Stages in Gardening

by Carmen Varcoe-(total plant-a-holic) - December 1999

If you are one of those well organized and disciplined rhodophiles, you may wish to skip the following, as it only applies to those plant nuts out there who can't resist yet another treasure for their already full-to-the-brim gardens.

As I walked around the garden the other day, I thought about the stages of gardening one seems to go through. Firstly, you buy anything and everything your eye catches and then you go home and find out where to plant it. Usually, I've picked some Mediterranean Zone 9 plant that needs well-drained soil and 24 hrs. of sunshine. With your plants piled in a wheelbarrow you frantically wheel around the garden like a big chicken or turkey with its head cut off trying to find spaces for all your purchases.

Stage 2 is when you begin to read more and make endless lists of the plants you must have. Shortly afterwards you start to dream about all the glorious borders you'll create. Your appetite for more exotic plants extends now into ordering from farther afield than local nurseries and garden clubs. Your budget is becoming seriously in jeopardy.

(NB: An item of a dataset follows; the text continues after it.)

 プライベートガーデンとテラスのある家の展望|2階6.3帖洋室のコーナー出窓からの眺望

Stage 3: One now tries to group the plants one's acquired and you spend endless hours digging up and relocating all your mistakes. This is especially wonderful when you are moving rhodos as you know they can be moved easily, so long as you have a backhoe for the larger ones. At this point, nightmares may begin to set in or midnight questions crop up like "Where the hell is that plant?...I know it's in my garden somewhere!"

Stage 4: You are now given to fits of much hand-wrenching and fretting over all the half hardy plants you've planted. This usually occurs when in the dead of winter a cold snap with rain has been forecast.

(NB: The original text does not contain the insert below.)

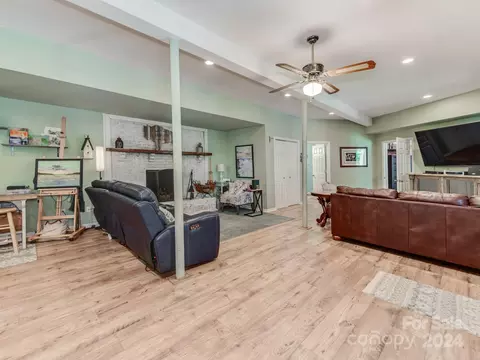 Living - 2316 Lake Rd, Ridgeway, SC 29130 photo 4 of 7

Stage 5: Spring finally arrives and you go out and survey all your losses. With hopeless optimism, you order millions of seeds, sow them and after potting them on, find out they're pretty average plants, not at all what the catalogue said!!

Stage 6: You become more fatalistic about your treasures: if they don't make it just pop in another one! At this stage you have come full circle: you are walking around filling in the gaps left by all your mistakes with seed grown plants and the newly acquired up-to-date variegated whatever. You are scratching your head figuring out where to put them all. And on and on it goes just like a hamster wheel, but isn't it fun? Thank goodness for all those upcoming plant sales!!